Few Lessons Learned on For-Profit Closures

InsideHigherEd

By Andrew Kreighbaum

The Dream Center, a Los Angeles nonprofit that had agreed to purchase Argosy University and the Art Institutes chain just 24 months earlier, closed its doors in March amid finger-pointing and recriminations between a court-appointed receiver, congressional Democrats and the Education Department.

The Trump administration had blasted Dream Center management in a letter days earlier that announced it was cutting off federal aid to the chain of colleges. The receiver claimed he never saw millions in missing money for financial aid payments. And Democrats accused the Trump administration of dithering as major red flags appeared and closure of campuses became inevitable.

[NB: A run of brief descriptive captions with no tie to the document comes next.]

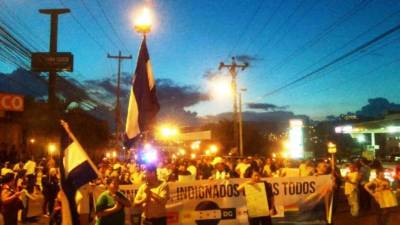 Marcha de los indignados en Tegucigalpa el 30 de octubre de 2015.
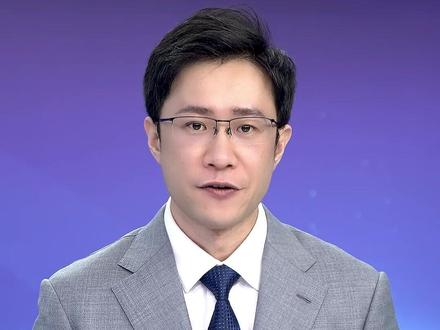 12月21日,一艘名为“贝拉1号”的油轮在公海发出超过75次求救信号。该船当时正遭美国海岸警卫队追捕,原因是其试图前往受制裁的委内瑞拉装载原油,并被美方认定为“无国籍船只”。近日,特朗普政府威胁对相关油轮实施“全面封锁”,美军已出动包括航母在内的力量,对至少三艘油轮采取了扣押、接管等行动。委内瑞拉指责此举为“盗窃和劫持”。有调查指出,“贝拉1号”属于利用技术伪造位置的“影舰队”油轮。#贝拉1号 #油轮 @抖音小助手 @DOU+小助手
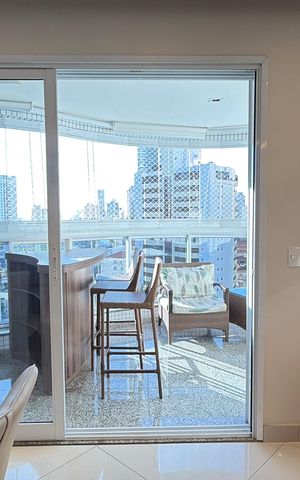 Apartamento à venda com 131m², 3 quartos e 3 vagas Apartamento à venda com 131m², 3 quartos e 3 vagasSacada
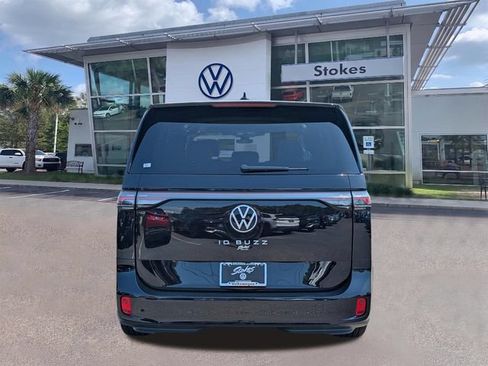New 2025 Volkswagen ID. Buzz Pro S RWD image 5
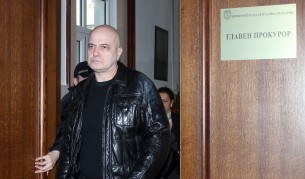 Слави Трифонов: Какво да направя, да се запаля ли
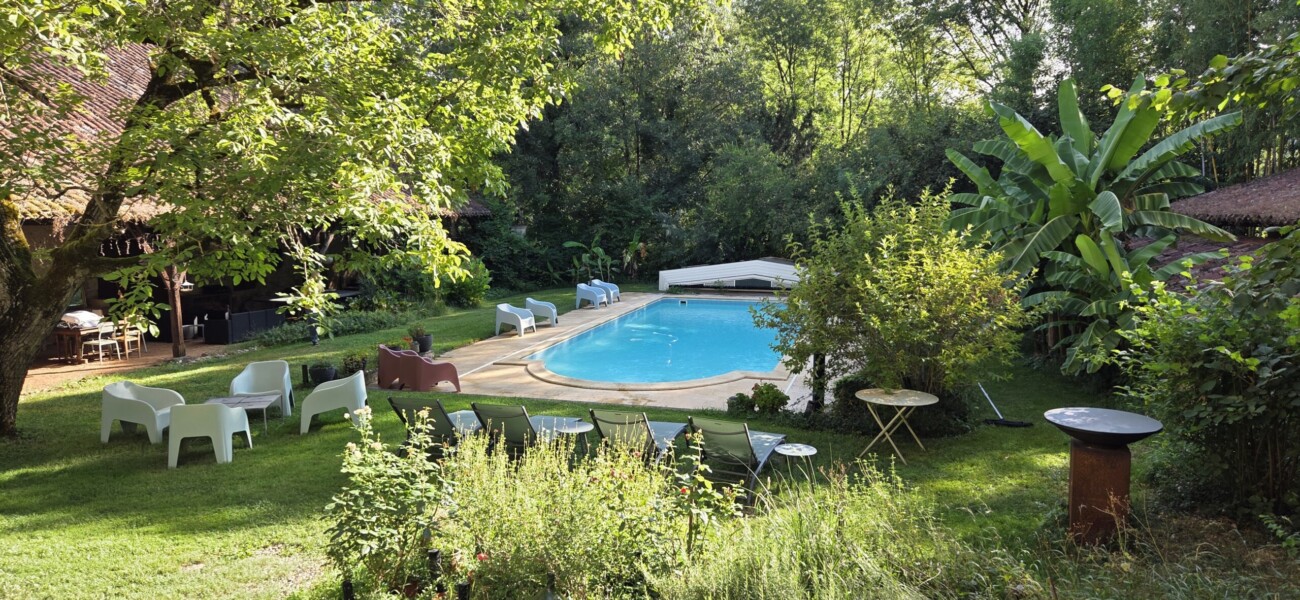Jardin Piscine Le Manoir du Moulin de Madame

But many observers say the collapse of the college chain was foreseeable years ago because of the nonprofit’s thin financial resources combined with the troubled history of campuses previously operated by the for-profit Education Management Corp.

The Dream Center deal moved forward, however, without objections from the department or some of the more stringent conditions that had been imposed on previous major for-profit transactions. And within months of closing the deal, Dream Center found that revenues at its new campuses fell millions short of projections by EDMC, creating shortfalls the nonprofit didn’t have the resources to cover. Now most of the college chain is closed after the company failed to make millions in financial aid payments to students.

While students scramble to figure out how to complete their degrees, experts on college oversight, lawyers and former department officials are asking why the Education Department didn’t do more to prevent just this kind of outcome for Dream Center. The seeds of the chain’s collapse, many say,… (continue reading)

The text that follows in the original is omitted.